Living on the Gulf side of Florida means every June through November you're one NOAA advisory away from scrambling. This is the checklist we walk our Venice, Sarasota, North Port, and Englewood customers through every year — the outside-in version we actually use on our own trucks.

Bookmark it, print it, and start at the top of the season, not the day the cone drops on you.

Two weeks out: the "off-season" list you should have already done

If a named storm is already in the Gulf, skip to the next section. This block is for June 1 through mid-July, before anything is spinning.

  • Trim trees and palms back from the roofline, gutters, and power drop. Sarasota County will not pick up storm debris that came off your tree if it's blocking the road after the fact.
  • Clean every gutter and downspout. A clogged gutter in a 4-inch-per-hour rain band is how water gets behind your fascia and into the soffit. If you're not comfortable on a ladder, this is the single most valuable [gutter cleaning](/gutter-cleaning-venice) call you'll make all year.
  • Reseal exterior caulking around windows, doors, hose bibbs, and lanai posts. Florida sun cracks silicone in about three years. See our [caulking & recaulking](/caulking-recaulking-venice) walkthrough for the surfaces that matter most.
  • Walk your roof (or have someone walk it) for lifted shingles, loose ridge caps, and popped nails. A 90 mph gust finds every one of them.
  • Test your generator under load — not just a pull-start. Change the oil, run it 30 minutes, and stabilize the gas in your storage cans.
  • Photograph every room and every exterior elevation for insurance. Store the photos in the cloud, not just on the phone that might not survive the week.

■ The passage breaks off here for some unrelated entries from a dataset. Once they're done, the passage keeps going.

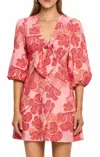 Kivari Riviera A-line Mini Dress In Riviera Print In Multi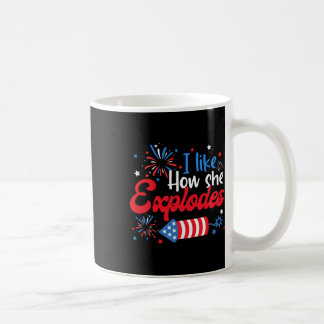 Mug Comme comment elle explose Fireworks Funny Couple 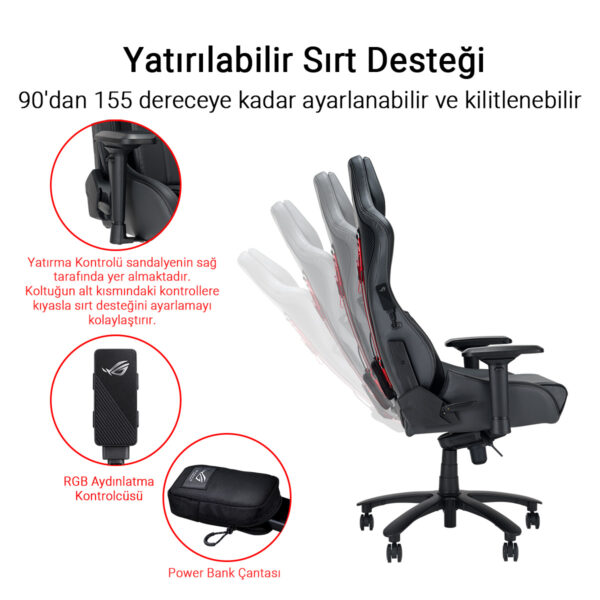 Asus Rog Chariot X Sl301w Gri Oyuncu Koltugu Y10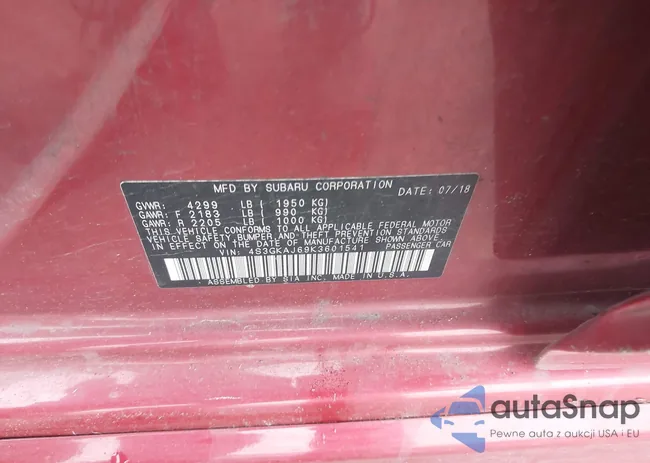 4S3GKAJ69K3601541: 43884168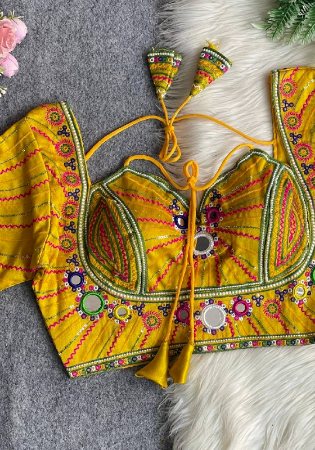 Picture of Statuesque Silk Sienna Designer Blouse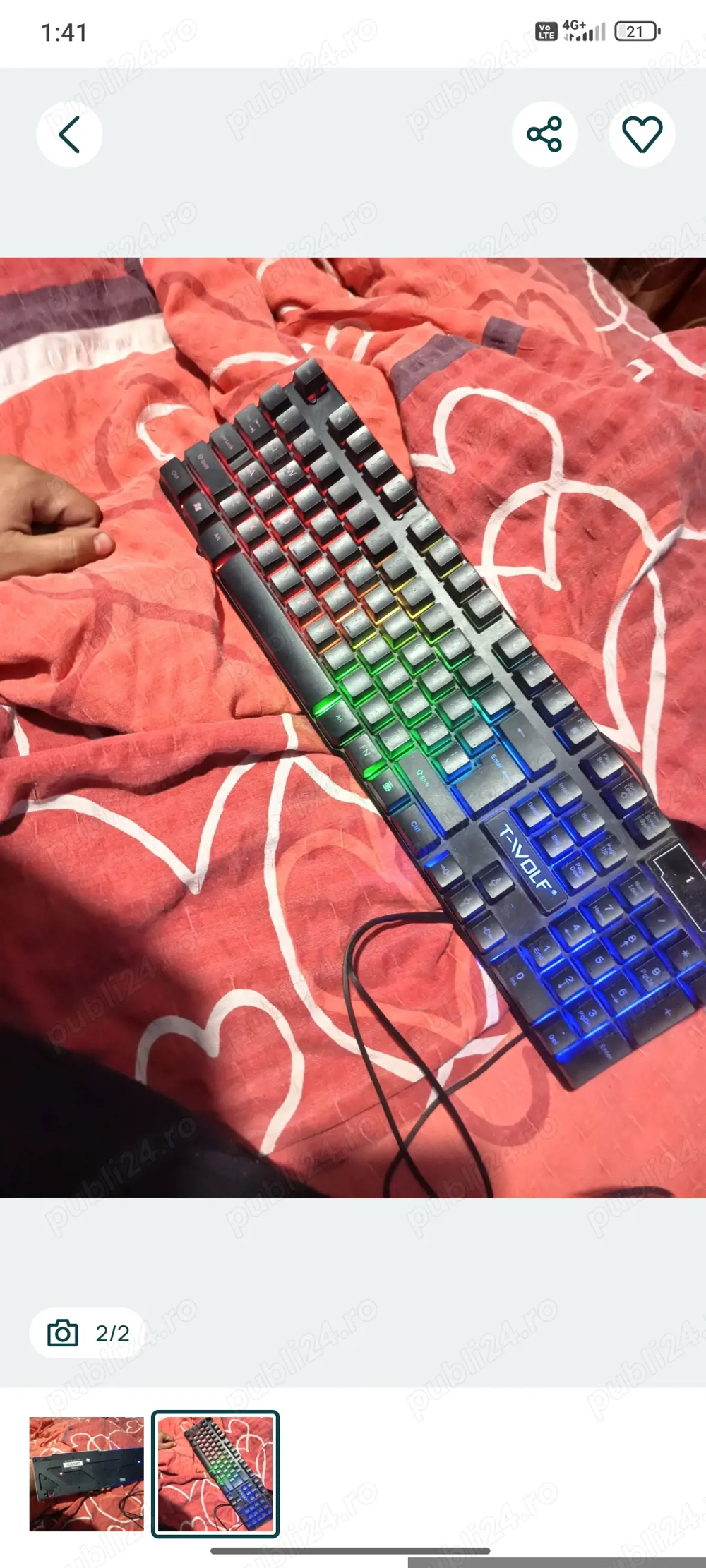 Vând controller wireless și tastatură PC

Five to seven days out (cone of uncertainty includes Sarasota County)

Now you're on the clock. Sarasota County typically calls voluntary evacuations for Zones A and B about 72 hours out — don't wait for that call to start.

  • Fill propane tanks and gas cans. Every station within 30 miles will be out 24 hours before landfall.
  • Refill prescriptions, pull cash, and top off both vehicles.
  • Charge every battery bank, tool battery, and headlamp you own.
  • Freeze water bottles flat in the deep freezer — they hold cold for 48+ hours after power loss and become drinking water after.
  • Confirm your evacuation zone at scgov.net if you're on a barrier island (Venice Island, Casey Key, Manasota Key, Siesta Key, Longboat Key). Zone A almost always evacuates for a Cat 2+.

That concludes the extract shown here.